On April 10, 2023, Georgia’s new Commercial Financing Disclosures Act neared the finish line when Senate Bill 90 landed on Gov. Brian Kemp’s desk with strong bipartisan support, just two months after it was introduced. If the bill is passed as expected, Georgia will become the fifth state with disclosure laws and the 15th to consider or pass such laws. Yes, there is a pattern here.
Here is a link to the invoice.
Legislation in Georgia would go into effect on January 1, 2024. It applies to business loans of $500,000 or less, as in California.
Which transactions are tax-exempt?
- real leases;
- Federally insured Custodian Financial Institutions;
- Subsidiaries, affiliates, or holding companies of federally insured custodians (unlike California)

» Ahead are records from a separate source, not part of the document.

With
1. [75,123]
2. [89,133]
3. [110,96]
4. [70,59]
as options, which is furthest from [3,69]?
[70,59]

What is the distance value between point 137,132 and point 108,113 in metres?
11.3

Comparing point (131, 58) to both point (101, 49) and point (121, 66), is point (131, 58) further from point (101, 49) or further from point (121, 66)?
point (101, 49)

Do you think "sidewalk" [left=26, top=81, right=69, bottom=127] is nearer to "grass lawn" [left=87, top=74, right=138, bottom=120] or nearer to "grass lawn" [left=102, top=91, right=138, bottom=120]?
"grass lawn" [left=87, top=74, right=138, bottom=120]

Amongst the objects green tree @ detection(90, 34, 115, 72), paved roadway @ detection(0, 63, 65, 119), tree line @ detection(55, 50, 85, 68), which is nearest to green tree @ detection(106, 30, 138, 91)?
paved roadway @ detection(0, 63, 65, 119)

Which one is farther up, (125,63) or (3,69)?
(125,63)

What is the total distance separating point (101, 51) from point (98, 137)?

- providers under the Farm Credit Act;
- real estate collateralised commercial transactions;
- purchase money obligations;
- vehicle floor plan financing;
- Credit granted in connection with the sale of goods or services by the creditor or its parent company;
- Lenders conducting 5 or fewer commercial transactions in Georgia within 12 months [N.B. The definition of “provider” refers to someone who does more than 5 transactions in a calendar year. This will need to be reconciled]; And
- Factoring: Cash advances from merchants to a healthcare provider as a result of a patient’s personal injury being treated by the healthcare provider.

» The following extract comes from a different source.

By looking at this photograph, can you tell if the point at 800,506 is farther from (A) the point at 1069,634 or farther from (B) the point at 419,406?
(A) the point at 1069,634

What needs to be disclosed?
- Total amount funded;
- Amount to be paid to Borrower if less than Funded Amount (ie after payment to Seller);
- Amount that the borrower must repay to the lender;
- total cost to the borrower in dollars;
- the nature, frequency and amount of each payment, or an estimate if the amount of payment may vary;
- Settlement of early repayment costs with reference to the section of the contract that establishes these obligations; And
- Description of the method used to calculate a variable payment amount, including circumstances that could lead to the discrepancy.
What’s missing from Georgia’s bill?
- interest calculation;
- APR calculation (a welcome relief for many);
- disclosure formats;
- There is no private right of action in the event of violations of these laws. Only the Attorney General can pursue these claims.
What about brokers?
- Prohibits prepayments, with certain exceptions for hard costs, e.g. B. Credit Checks; And
- Prohibits brokers from making false or misleading representations or omitting material facts.
What else do you need to know?
- A violation of the disclosure obligations has no impact on the enforceability of the underlying legal transaction; And
- The penalty is $500 per violation and cannot exceed $20,000.